A while back I posted a message titled "A million here, a million there..." describing an irrefutable case of the city wasting $1 to $2 million in taxpayer money on a series of frivolous lawsuits in the pursuit of helping out a private real estate developer. Not one response on-list, not a peep.

Now the city is poised to give away a piece of valuable real estate at fire sale prices, and then give the developer an additional $8 million. This is not the first time the city has done this. They've done it every year, and sometimes several times a year, for the past 20 years.

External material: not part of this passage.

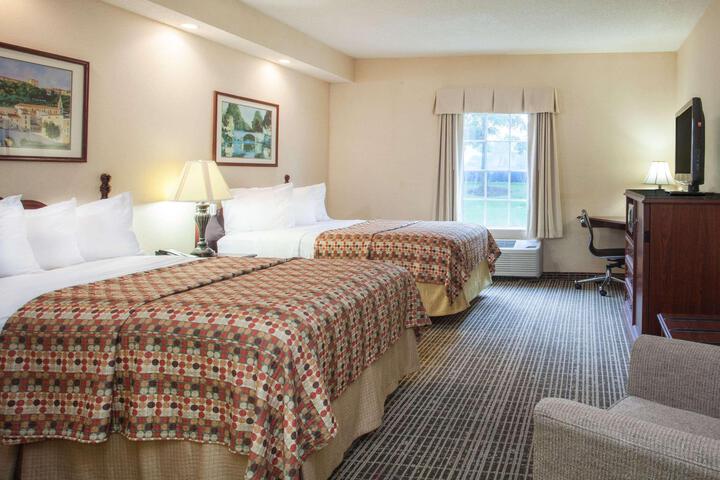 Double Accessible King Size Bed (8 of 9)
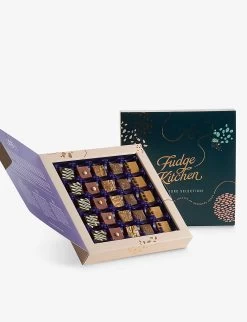 Signature Selection 25-piece Fudge Box 550g -Boutique Gourmet Store R04143932 ALT01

And what do we have to show for it? A series of white elephants, reneged promises and broken contracts on the part of developers. Repeat after me: St. Anthony Main, River Place, Gaviidae Common, Block E, City Center, the Conservatory, etc. ad nauseum.

Why is that when we as individuals sign legal contracts obligating ourselves to pay for something, we fail to fulfill them on fear for our well-being and eternal credit rating, but big real-estate developers in Minneapolis have a record of failing to meet their legal, contractual obligations most of the time, and we let them get away with it? The most recent insult to Minneapolis taxpayers comes from Brookfield Properties and Gaviidae Common. Brookfield simply defaulted on paying $29 million in loans provided by the city, and whined about falling property values as the reason.

I'm sorry, but in the development business, that just goes with the territory. The risk of losing money when the economy turns down is part of the opportunity to make a fortune It is NOT an excuse to soak the taxpayers for another $29 million.

So, I ask again: just where do list members think those million and millions of dollars the city keeps throwing at developers come from? And why do you not object when we insure developers against all economic twists of fate? (To say nothing of the stupidity of building a number of the projects in the first place, e.g. the Conservatory's escalators to nowhere and River Place and St. Anthony Main additions clearly over-saturating the Main Street market for retail and entertainment.)

I'm with Vicky. I've had it up to ^here^ with the city lining the pockets of wealthy developers like Ryan and Brookfield. It's graft and it's malfeasance.